Marriage is all about learning to compromise so that the beloved is put ahead of our own selfish needs and desires. Successful marriages require each party to give 100%, without keeping score of the times when they had to do more chores, etc. than their mate. In the end, it should all balance out.
Marriage is also about cutting apron strings from your families in order to create a new family with your spouse and any children that come from your wedded union.
My co-worker’s daughter returned to visit her mom a few days after the wedding and went to the refrigerator to get a drink of apple juice (her favorite) only to discover that the drink no longer had a cherished place on the shelf in the frig.
Even her new husband had some unexpected adjustments to make once they moved into their new home. Since it was now an additional twenty minutes away, he had to figure out a way to keep a set of ‘good clothes’ either in a closet at his parents or in the trunk of his car in case they have a party or dinner out with friends that won’t allow him time to go home and change.
Adjustments in life are mandatory.
My wife, Cheryl, tells a story about returning home from college for the summer to find her room had been given to a live-in housekeeper and Cheryl had to sleep on the couch in the living room until college resumed in the fall.

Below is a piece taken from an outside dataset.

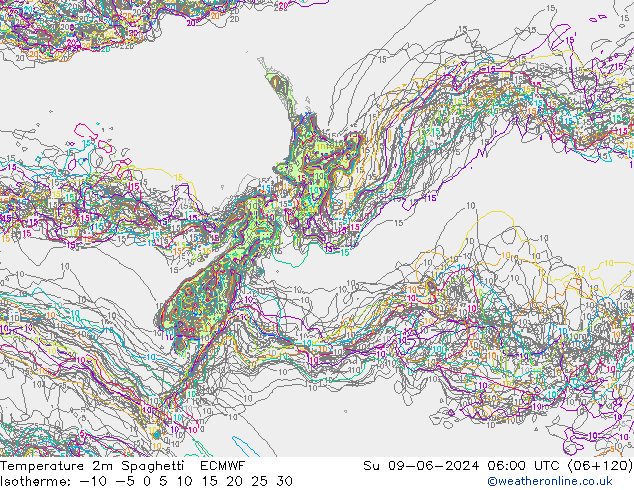 Temperaturkarte Spaghetti ECMWF So 09.06.2024 06 UTC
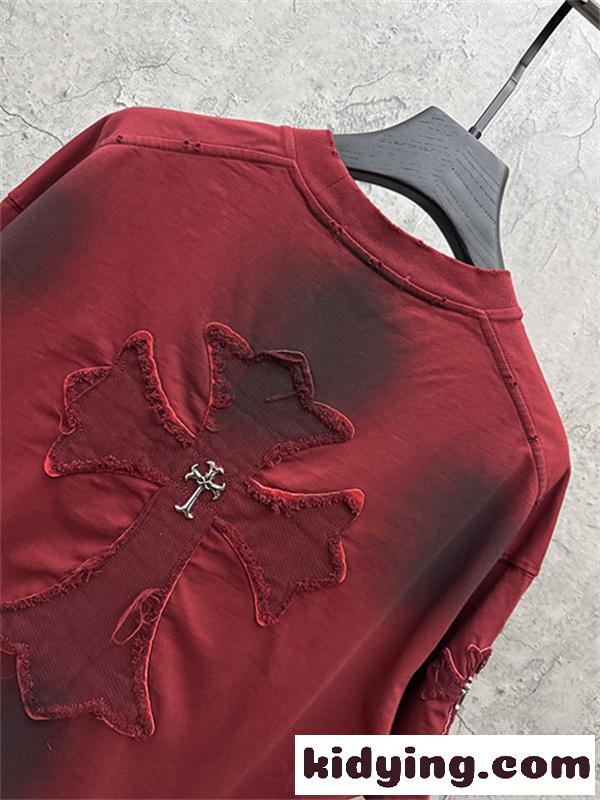 グリーン 半袖Tシャツ Chrome Hearts クロムハーツ コピー ネックゴシックロゴ ウォッシュグラデーション クロスワッペン風 ゆったりシルエット-8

And if this last one wasn’t subtle enough, dear readers, my parents insisted on meeting Cheryl and I at our new home instead of the restaurant where we were planning to eat. They were willing to drive 30 miles out of their way in order to drop off a truckload of my K thru 12 school papers, etc. so they would not still be taking up space in their home another 30 (or more) years later.
In each of these instances, there was a certain amount of dying to the past and rising anew to the present reality and the inevitability of change.
We can not go home any more than Nicodemus could re-enter his mother’s womb and be born again. Every moment of life is precious and can never be repeated. We would be doomed to failure if we tried to ‘re-create’ an experience from our past.
We can only learn from our experiences and move forward with the knowledge and the wisdom gained from reflection.
There will surely be apple juice in the newlyweds refrigerator; a bed on which Cheryl can sleep; and opportunities for me and all of us to learn new things; to enjoy new and cherished memories; and create priceless refrigerator artwork with our children (and friends) in the future.
May we always be open to the Holy Spirit to guide us through our life’s journey, and embrace both changes and new adventures.
John Degano is a deacon at St. Catherine of Alexandria Parish in Riverside.